In his maiden speech in the Senate, Missouri’s Josh Hawley took a hard stand for the people of Main Street, America. Hawley laid out his vision of a society that would allow America’s heartland to thrive, with strong families, decent work, and flourishing small towns. He said (abridged):
I come from a town called Lexington, Missouri. It’s a small place, but a proud one. It’s a place where people wake early and work late to make a life for themselves and their children. It’s a place where people value honesty and gumption and life’s simple pleasures: a fine morning in a deer stand, reading to the kids before bed, Sunday dinner at Mom’s.

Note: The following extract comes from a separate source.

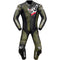 Berik 2.0 GP3 Leather Body Suit - Black/Green/Grey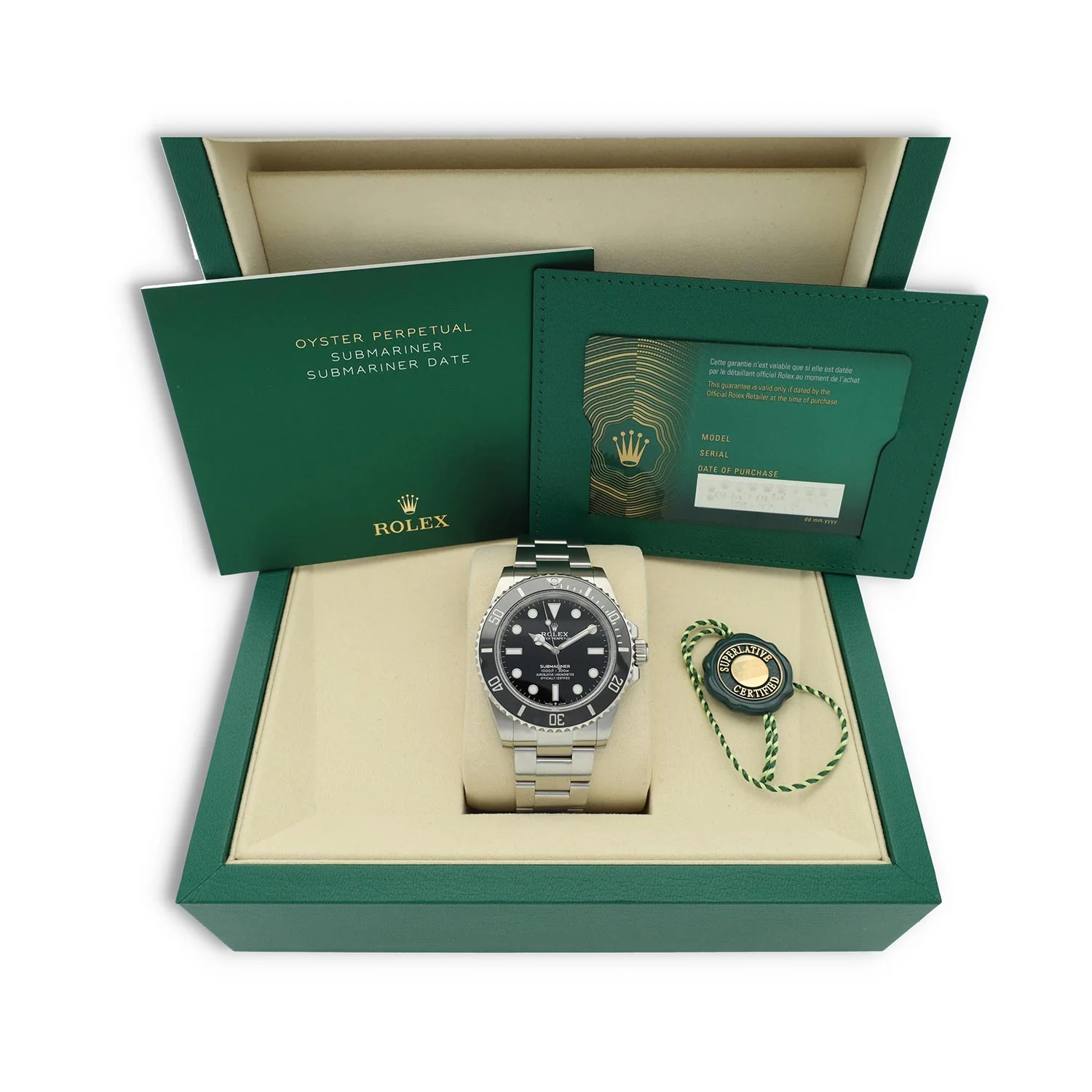 Rolex Submariner 124060 NEW - Image 10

The United States is unique in history as a republic governed not by a select elite, but by the working man and woman
It’s time to face the facts. Over the last forty years, our economy has worked best for those at the top: the wealthy, the well-educated. If you have a job in Silicon Valley or an expensive and prestigious degree, this economy has worked for you.
And Washington has focused on how to get more people to join this elite.
But if you want a life built around the place where you grew up, if your ambition is not to start a tech business but to join the family business, to serve in the PTA or in your local church, well, you’re told that you’re not a success. And you’re told that you’re on your own.
But in places like the one where I grew up, in middle Missouri, good-paying jobs that you can raise a family on are going away.
The jobs go overseas or south of the border or to cities on the coasts. And once-vibrant towns decline, taking with them the network of schools and neighborhoods and churches that make up middle class life.
Fewer young people are getting married or starting families.
Big banks, big tech, big multi-national corporations, along with their allies in the academy and the media—these are the aristocrats of our age.
They live in the United States, but they consider themselves citizens of the world.
They operate businesses or run universities here, but their primary loyalty is to their own agenda for a more unified, progressive—and profitable—global order.
We need a society that offers rewarding work for every worker who wants it, wherever she is from, whatever degree he might have, whether their ambition is to start a business or to start a family.
We need a society that will allow towns and neighborhoods to flourish across the great heartland of this country, not just in the mega-cities of the coasts.
We need a society that puts American workers first, that prioritizes them over cheap goods from abroad, and offers them the chance to better their station.
We need a politics that prioritizes strong marriages and encourages strong families.
We need strong schools and churches and co-ops.
That’s the promise of the American revolution. And we will renew it for our day.